TASK DESCRIPTION ::
In the records below, find the line with "New Balance NB 997R Легкий", then retype it and every following line exactly, stopping after the line with "stofopvangzak festool-5". Leave the pictures out.

Web page caption snippets ::
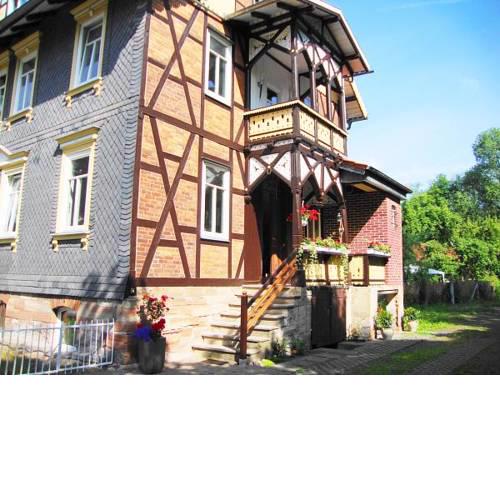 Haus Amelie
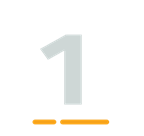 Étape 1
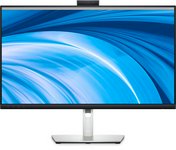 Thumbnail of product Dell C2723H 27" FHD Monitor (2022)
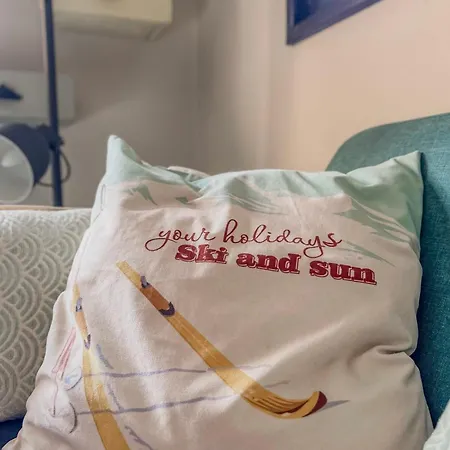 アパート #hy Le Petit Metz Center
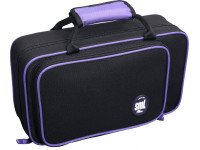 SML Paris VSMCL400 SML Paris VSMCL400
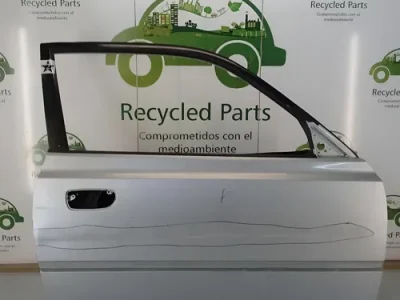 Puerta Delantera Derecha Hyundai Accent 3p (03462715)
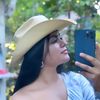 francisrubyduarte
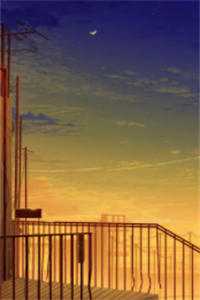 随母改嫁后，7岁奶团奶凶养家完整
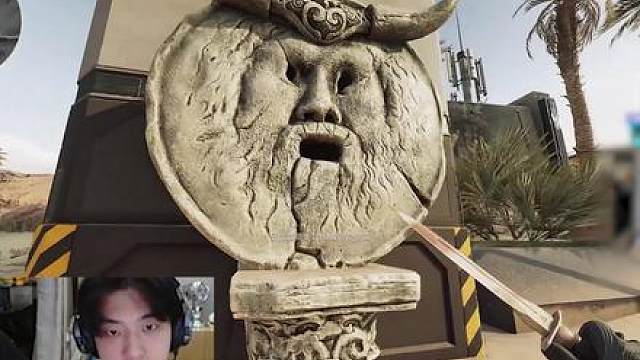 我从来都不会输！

---

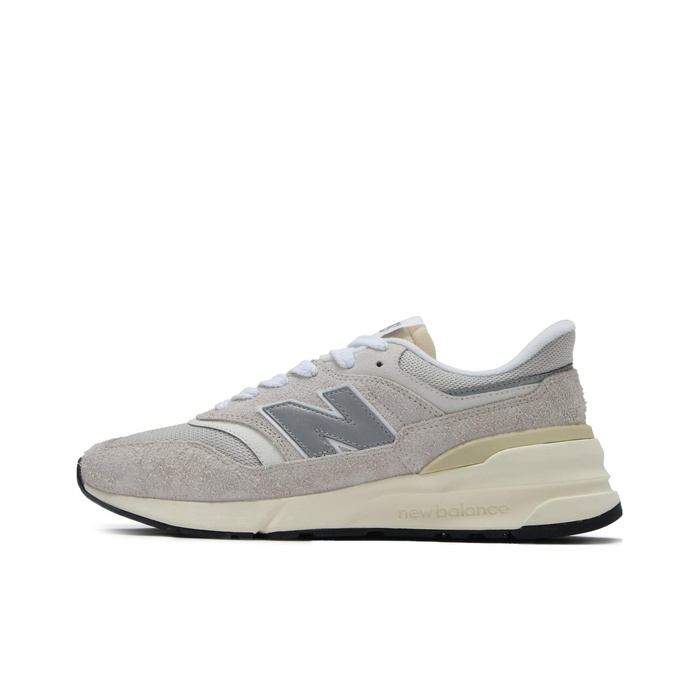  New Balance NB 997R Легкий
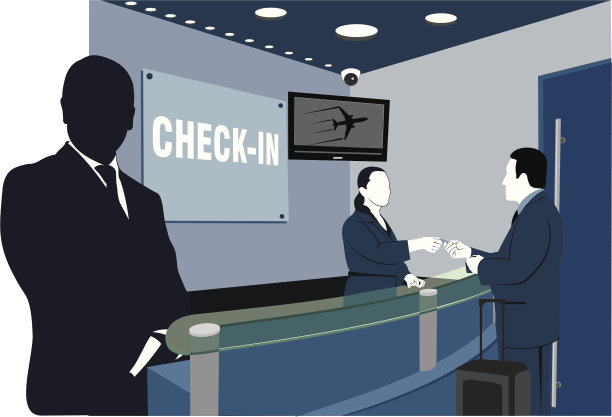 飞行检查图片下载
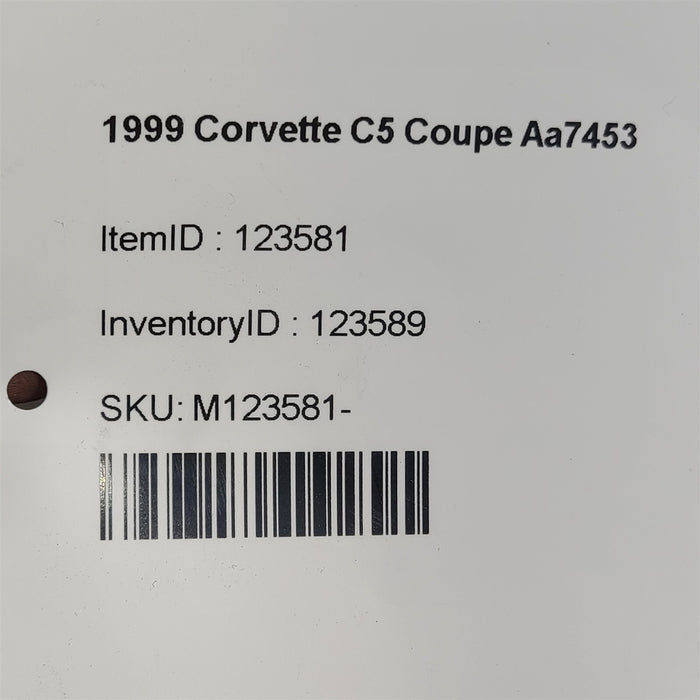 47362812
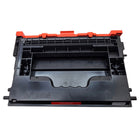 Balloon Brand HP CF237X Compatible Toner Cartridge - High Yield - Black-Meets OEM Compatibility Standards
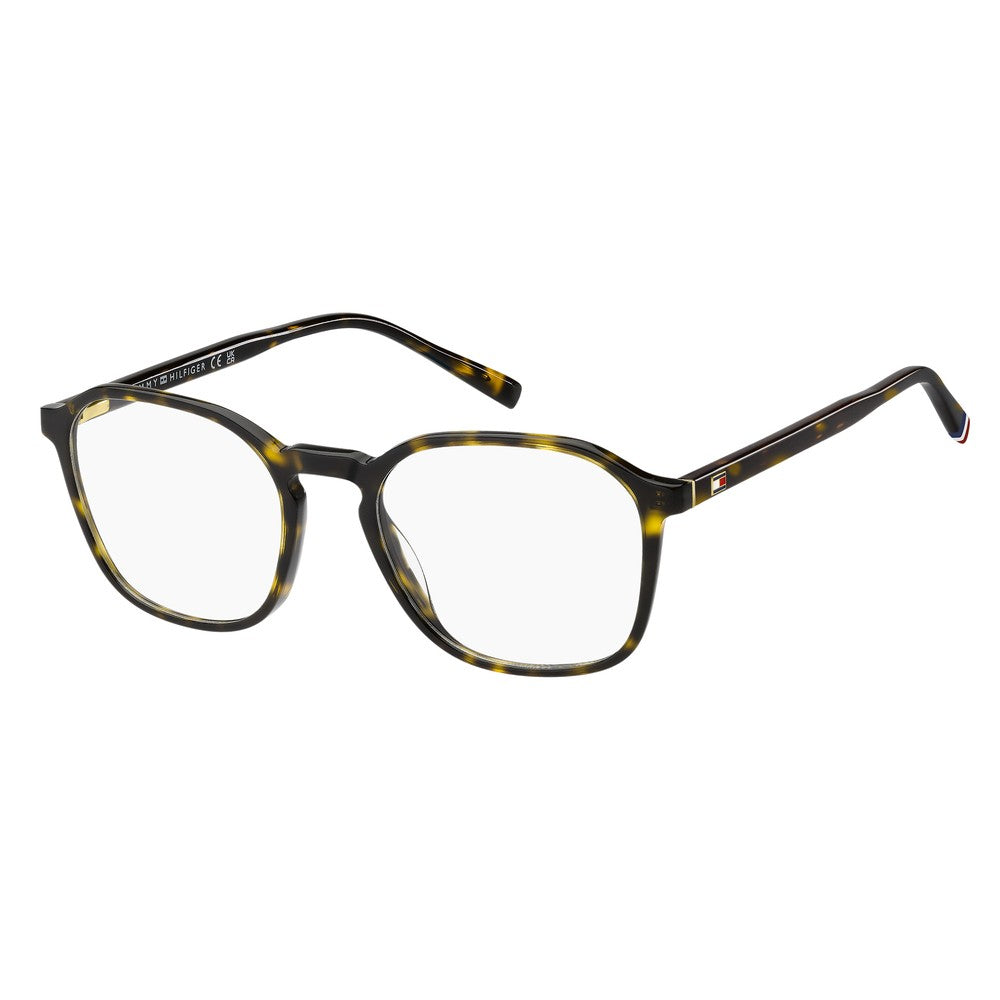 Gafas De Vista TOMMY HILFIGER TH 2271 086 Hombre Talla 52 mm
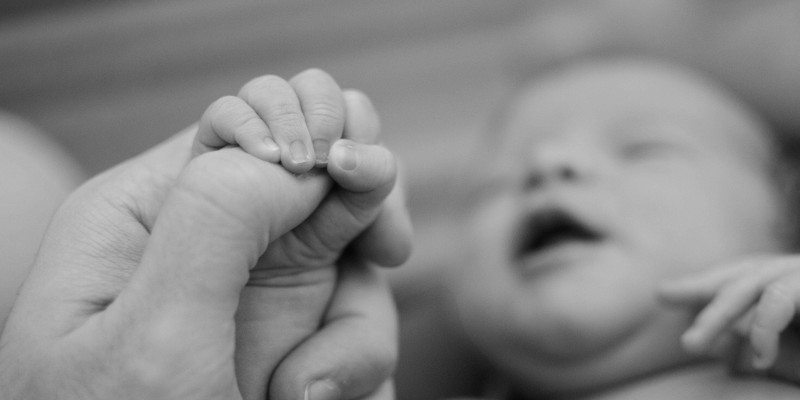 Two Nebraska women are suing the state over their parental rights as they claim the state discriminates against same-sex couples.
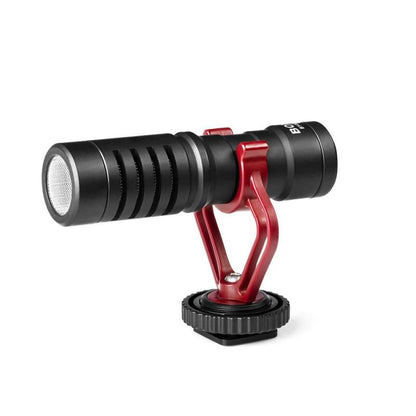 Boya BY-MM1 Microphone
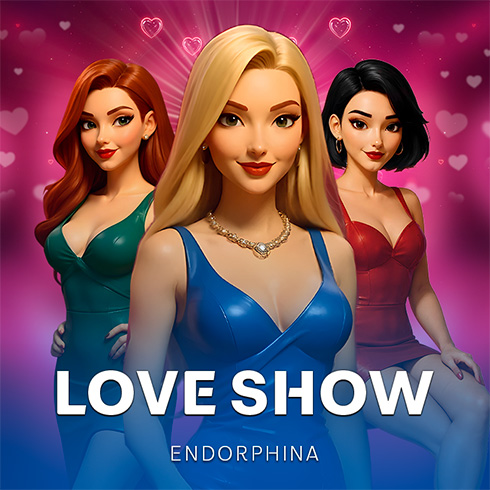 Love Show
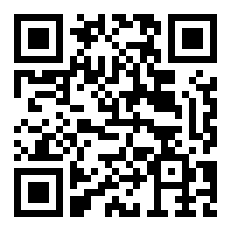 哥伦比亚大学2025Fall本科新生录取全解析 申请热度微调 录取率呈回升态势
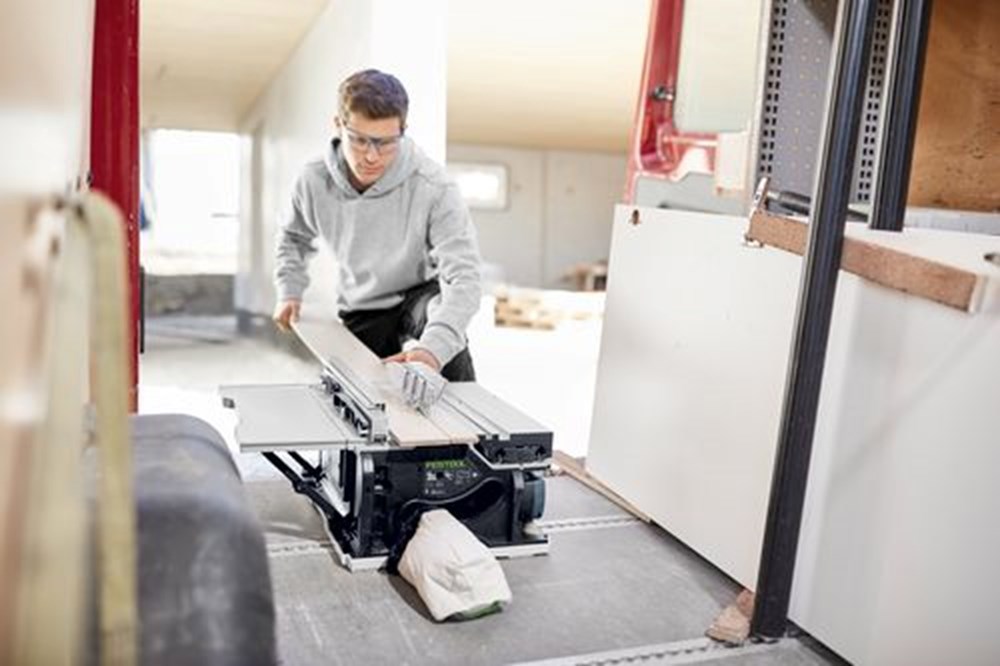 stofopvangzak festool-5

==

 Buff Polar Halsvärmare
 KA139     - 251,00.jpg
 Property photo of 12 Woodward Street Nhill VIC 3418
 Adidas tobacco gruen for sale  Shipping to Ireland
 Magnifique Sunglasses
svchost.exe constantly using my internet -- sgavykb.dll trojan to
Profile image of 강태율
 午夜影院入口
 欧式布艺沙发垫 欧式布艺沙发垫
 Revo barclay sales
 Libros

ANSWER SECTION ::
  New Balance NB 997R Легкий
 飞行检查图片下载
 47362812
 Balloon Brand HP CF237X Compatible Toner Cartridge - High Yield - Black-Meets OEM Compatibility Standards
 Gafas De Vista TOMMY HILFIGER TH 2271 086 Hombre Talla 52 mm
 Two Nebraska women are suing the state over their parental rights as they claim the state discriminates against same-sex couples.
 Boya BY-MM1 Microphone
 Love Show
 哥伦比亚大学2025Fall本科新生录取全解析 申请热度微调 录取率呈回升态势
 stofopvangzak festool-5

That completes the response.